● WORK TO BE COMPLETED
Give back the whole listing exactly as written, pictures excluded.

● SUPPLIED DATA

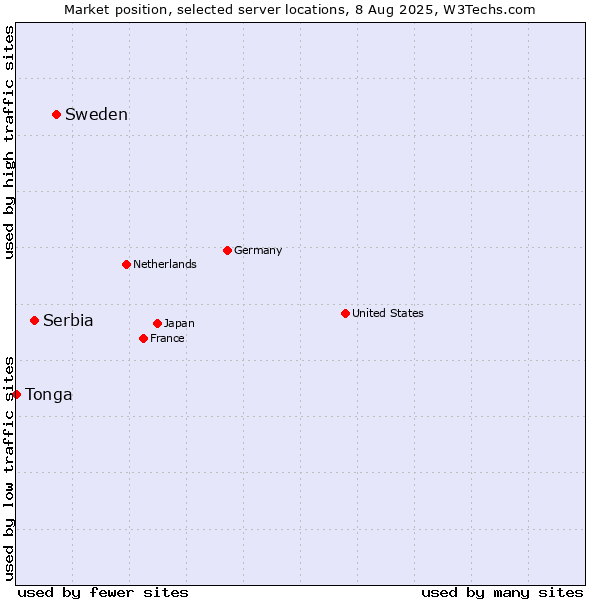 Market position of Sweden vs. Serbia vs. Tonga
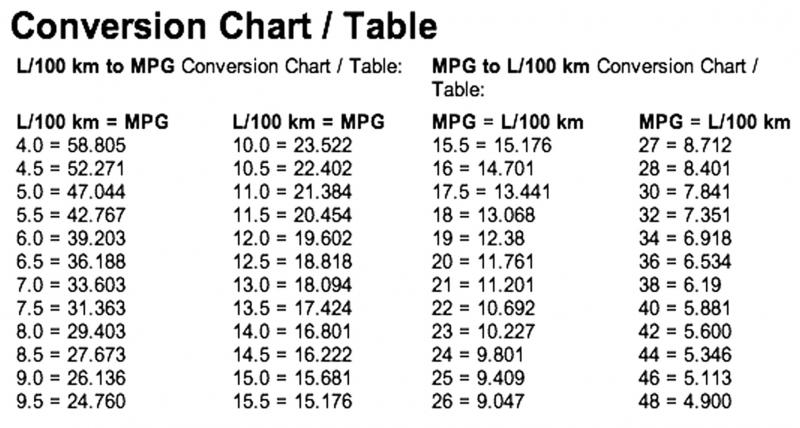 47 mpg to l 100km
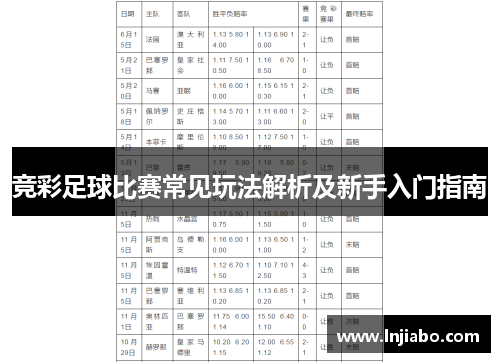 竞彩足球比赛常见玩法解析及新手入门指南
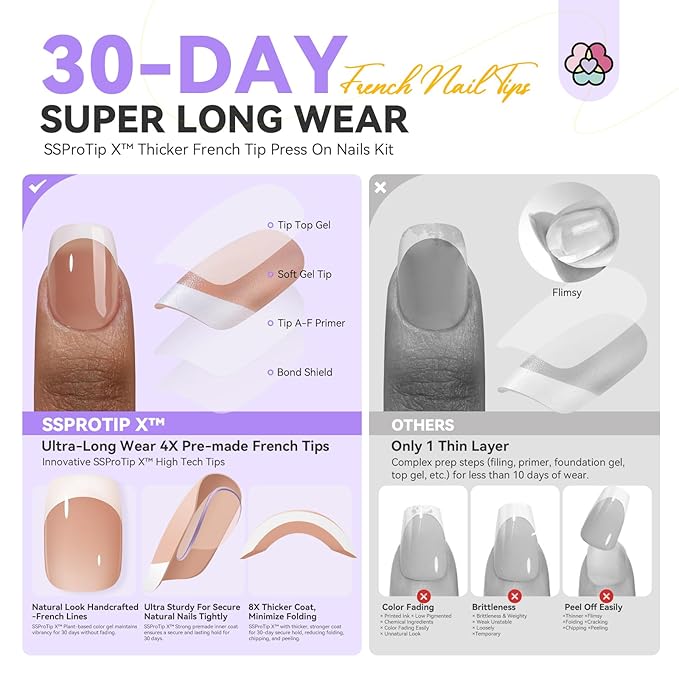 SAVILAND French Tip Acrylic Press On Nails Kit: In-Minute Long Wear & Easy French Acrylic Press-ons & Thick Short Square White Tip 150PCS Pro Acrylic Nail Kit Powder Monomer Liquid 3-Way Salon Gift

● SOLUTION FOR THIS EXERCISE
 Market position of Sweden vs. Serbia vs. Tonga
 47 mpg to l 100km
 竞彩足球比赛常见玩法解析及新手入门指南
 SAVILAND French Tip Acrylic Press On Nails Kit: In-Minute Long Wear & Easy French Acrylic Press-ons & Thick Short Square White Tip 150PCS Pro Acrylic Nail Kit Powder Monomer Liquid 3-Way Salon Gift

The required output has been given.